REQUIRED ACTION:
Could you please transcribe the data exactly, without the pictures?

══ INPUT FOR THIS TASK

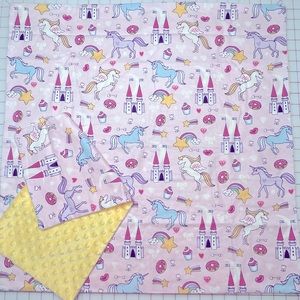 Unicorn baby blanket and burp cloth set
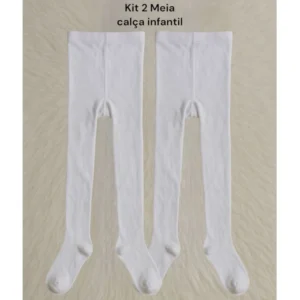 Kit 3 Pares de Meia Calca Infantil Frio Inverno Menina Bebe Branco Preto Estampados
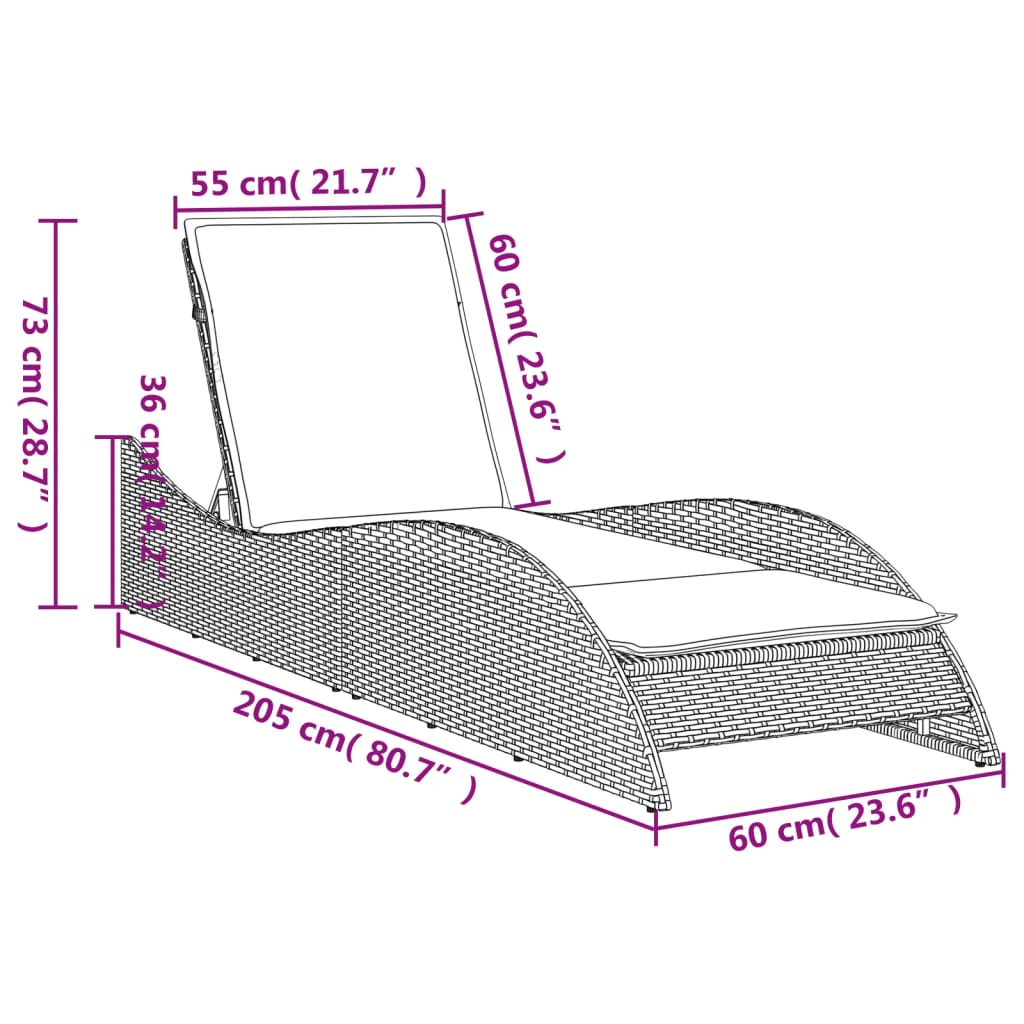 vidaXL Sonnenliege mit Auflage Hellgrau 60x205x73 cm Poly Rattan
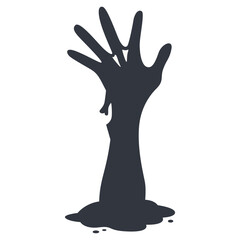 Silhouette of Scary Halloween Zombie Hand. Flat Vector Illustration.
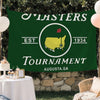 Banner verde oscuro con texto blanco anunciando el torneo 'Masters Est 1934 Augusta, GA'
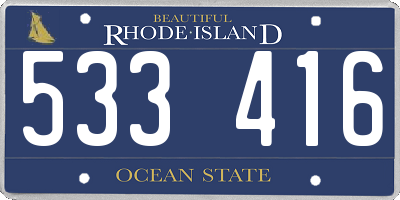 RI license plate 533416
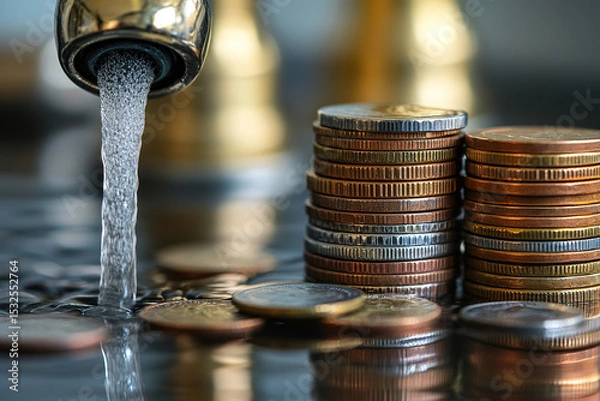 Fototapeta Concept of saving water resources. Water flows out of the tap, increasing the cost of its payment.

════

OUTPUT:
 Unicorn baby blanket and burp cloth set
 Kit 3 Pares de Meia Calca Infantil Frio Inverno Menina Bebe Branco Preto Estampados
 vidaXL Sonnenliege mit Auflage Hellgrau 60x205x73 cm Poly Rattan
 Silhouette of Scary Halloween Zombie Hand. Flat Vector Illustration.
 Banner verde oscuro con texto blanco anunciando el torneo 'Masters Est 1934 Augusta, GA'
 RI license plate 533416
 Fototapeta Concept of saving water resources. Water flows out of the tap, increasing the cost of its payment.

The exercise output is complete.